◆ **DATASET EXCERPT**
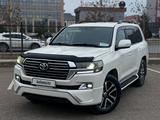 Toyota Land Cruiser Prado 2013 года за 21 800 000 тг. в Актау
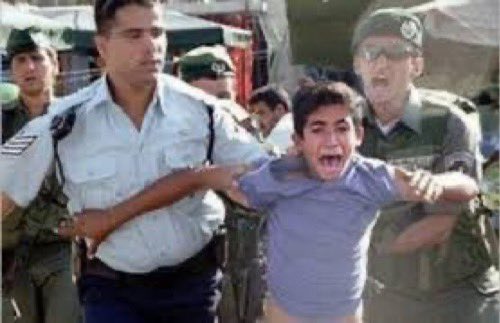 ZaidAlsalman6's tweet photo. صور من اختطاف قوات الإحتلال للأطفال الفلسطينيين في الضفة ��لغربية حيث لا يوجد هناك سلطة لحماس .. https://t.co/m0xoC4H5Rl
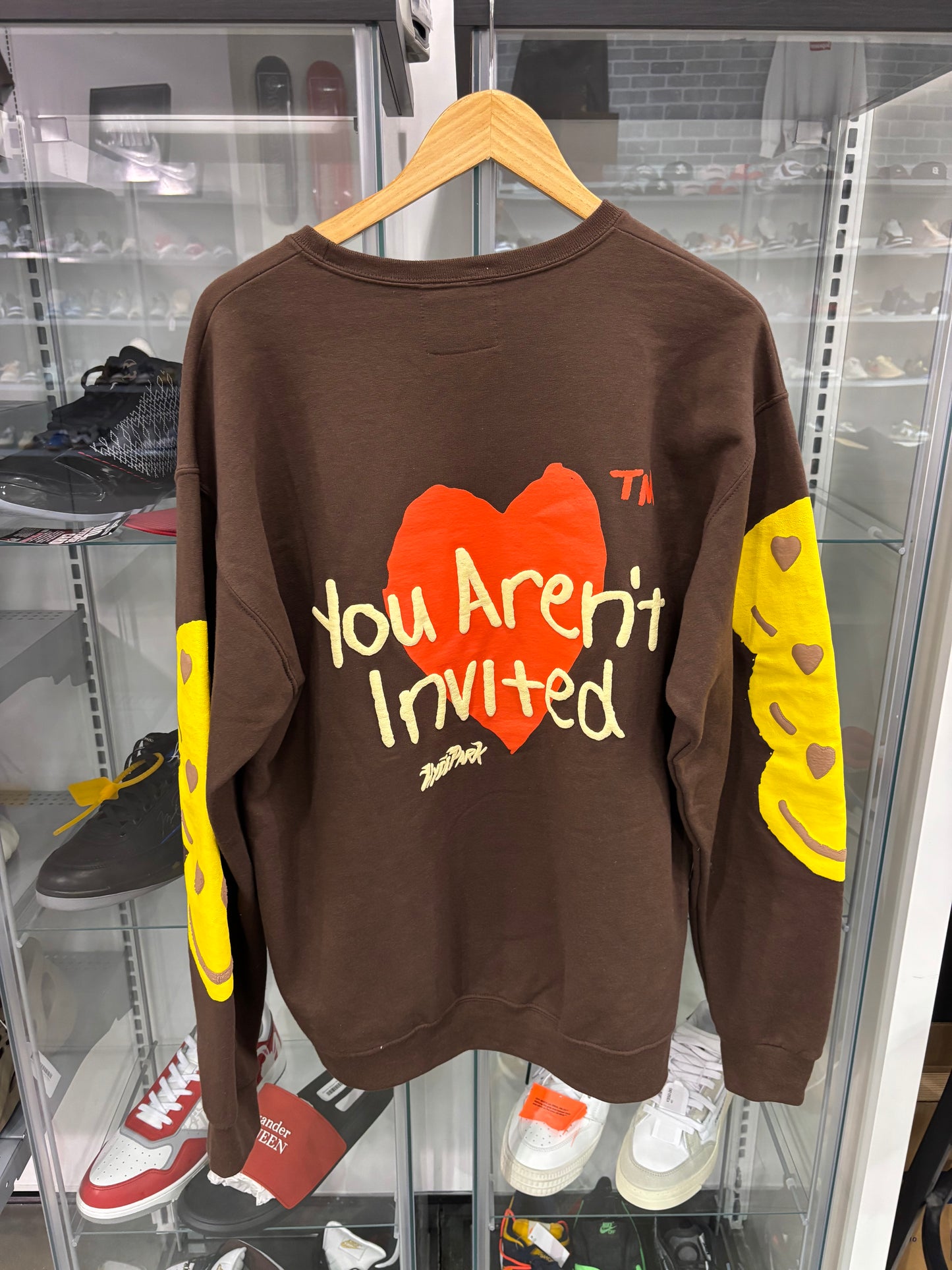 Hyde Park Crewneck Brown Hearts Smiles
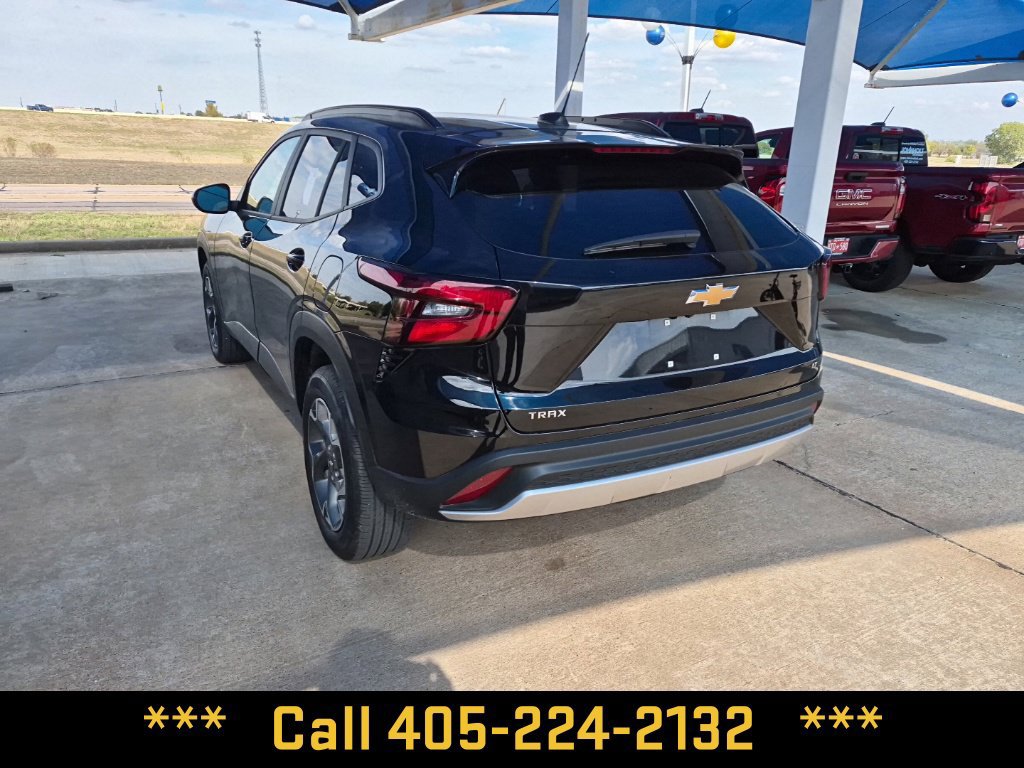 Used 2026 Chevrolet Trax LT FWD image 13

◆ **WORK REQUIRED**
Reproduce every line of the material above, but drop the pictures.

◆ **WRITTEN RESPONSE**
 Toyota Land Cruiser Prado 2013 года за 21 800 000 тг. в Актау
 ZaidAlsalman6's tweet photo. صور من اختطاف قوات الإحتلال للأطفال الفلسطينيين في الضفة ��لغربية حيث لا يوجد هناك سلطة لحماس .. https://t.co/m0xoC4H5Rl
 Hyde Park Crewneck Brown Hearts Smiles
 Used 2026 Chevrolet Trax LT FWD image 13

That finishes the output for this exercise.